「・・・こんな感じですが。一応は」


結局持ってきた5曲全部弾いてメロも歌ったら鈴木から拍手喝采を浴びた。


「アサヒくん!すごいじゃん、ギター弾いて半年じゃこんなの作れないよ!やっぱり才能あるんだよ!声もすごくキレイだし。ね?優雨」


鈴木の興奮とは逆に優雨は静かだった。


「優雨?」


俺が声をかけるとパっと顔を上げると涙をボロボロこぼしていた。


「あたし、嬉しい!初めてアサヒに会った日にアサヒの世界変えてやるなんて息巻いてたけどさ、アサヒがこんなに音楽好きになってくれてギター弾くのも大変だったと思うの。
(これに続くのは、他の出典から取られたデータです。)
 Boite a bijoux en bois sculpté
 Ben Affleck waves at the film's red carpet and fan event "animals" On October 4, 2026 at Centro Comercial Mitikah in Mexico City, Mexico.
すごく練習して弾けるようになってさ、作曲だよ?予想通りに声もキレイ。曲自体はまだまだだけど、あたし嬉しい!」


「曲はボロボロって・・・、まぁ俺の頭のボキャブラリーと技術がこれしかないって事」


ノートを閉じようとすると鈴木がノートを取り上げた。


「鈴木!?」


「この5曲。全部オリジナルで出そうよ!アレンジ次第では面白くなるよ。それはリズム隊の僕と優雨の役目だし。都築くんがリードのギターをちゃんとロックっぽくアレンジすれば面白いよ。これはただの原石なんだから。アサヒはこれの歌詞書いてよ」


優雨も満足気に頷いている。


「歌詞ぃ!?何書けばいいんだよ」


「言いたい事だよ、不満でも何でも。何でもアリがロックなんだよ」



そんな熱心な優雨と鈴木に都築が笑い出した。